* WHAT THE TASK REQUIRES *
Write the listing below out again word for word, without a single picture.

── DATA EXCERPT ──

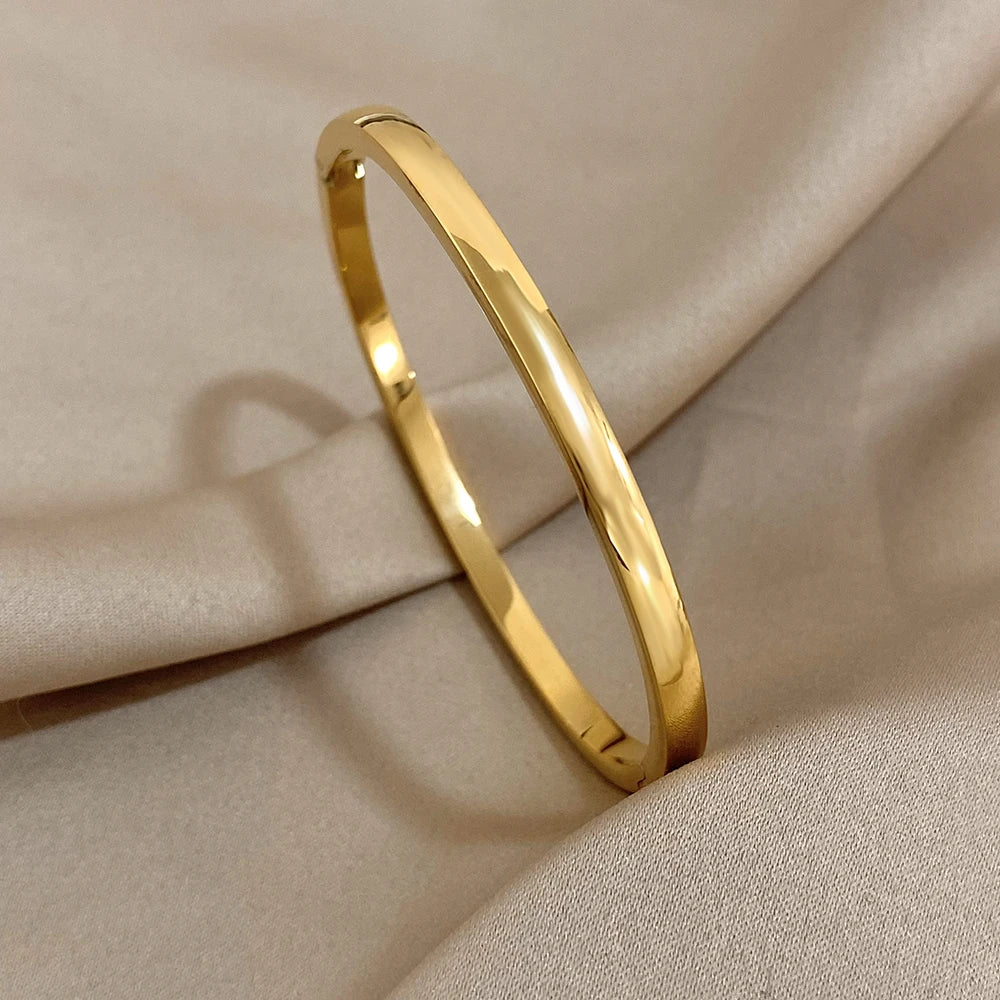Smooth Stainless Steel Cuff Bangle Bracelet - Gold, Rose Gold or Silver, 60mm, Waterproof, Stackable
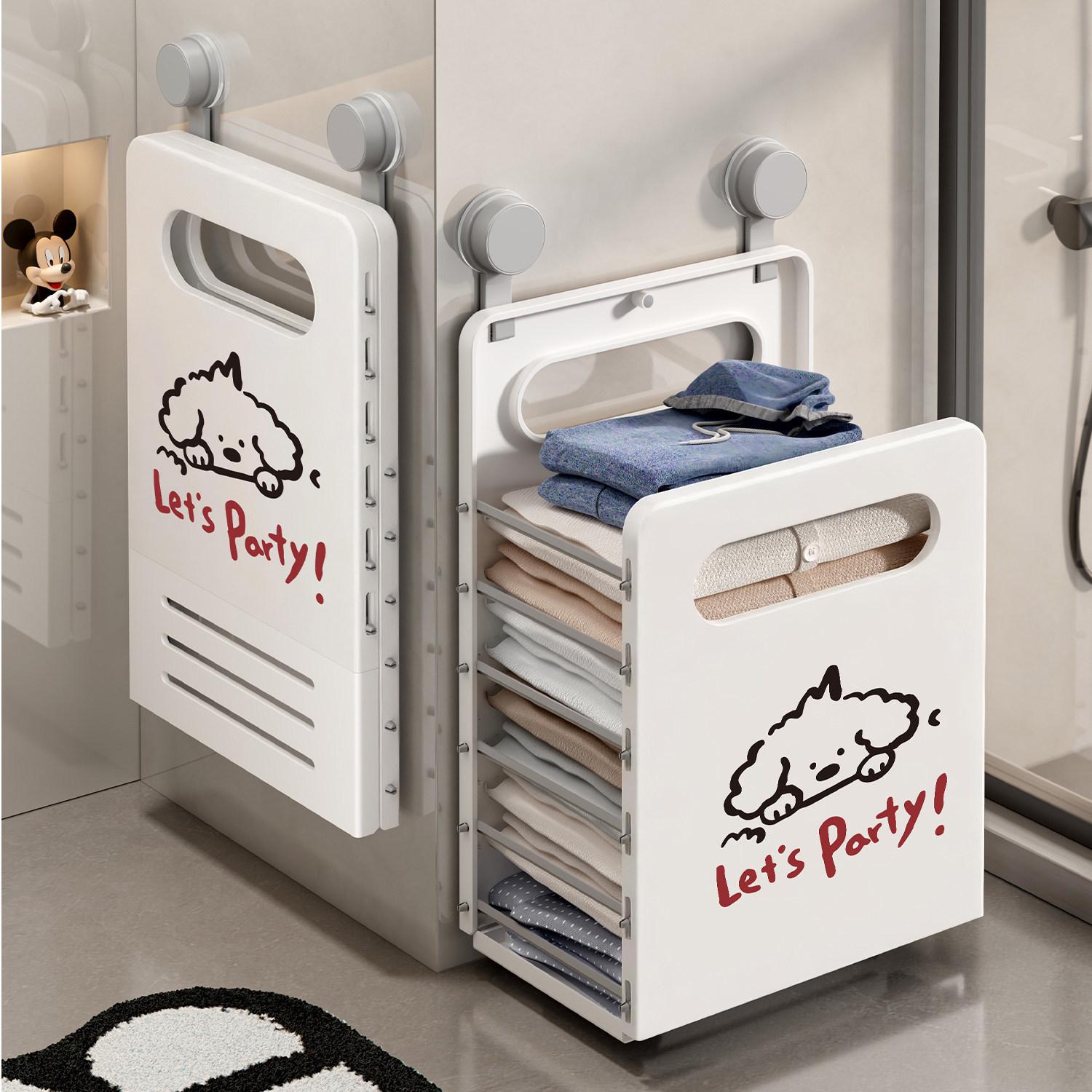 Foldable Wall-Mounted Laundry Hamper - Large Capacity Clothes Organizer Simple Dog - 1 Piece [Fixed, Foldable]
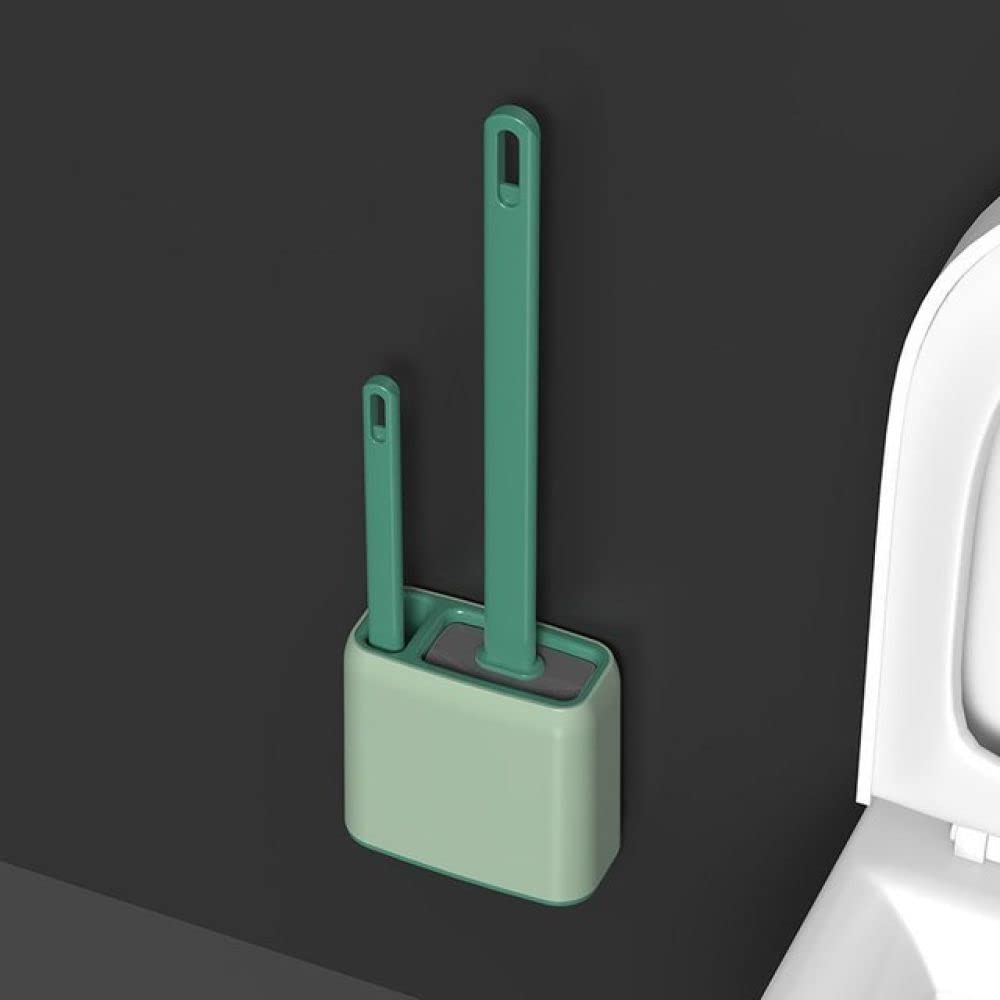 Brosse de toilette en silicone TPR anti-goutte à long manche ergonomique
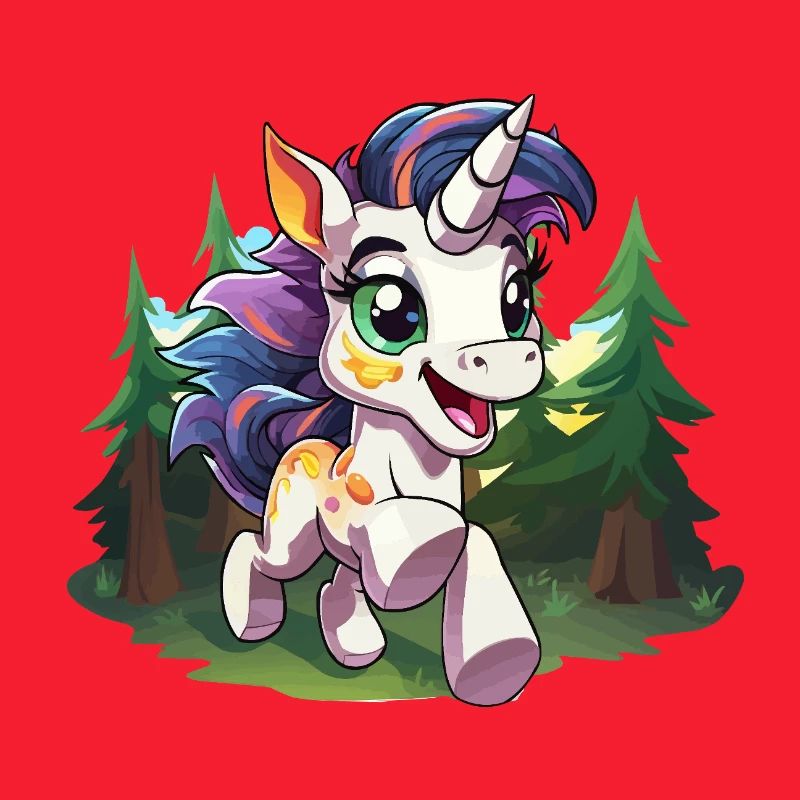 Licorne colorée de la forêt heureuse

───

* OUTPUT FOR THIS EXERCISE *
Smooth Stainless Steel Cuff Bangle Bracelet - Gold, Rose Gold or Silver, 60mm, Waterproof, Stackable
 Foldable Wall-Mounted Laundry Hamper - Large Capacity Clothes Organizer Simple Dog - 1 Piece [Fixed, Foldable]
 Brosse de toilette en silicone TPR anti-goutte à long manche ergonomique
 Licorne colorée de la forêt heureuse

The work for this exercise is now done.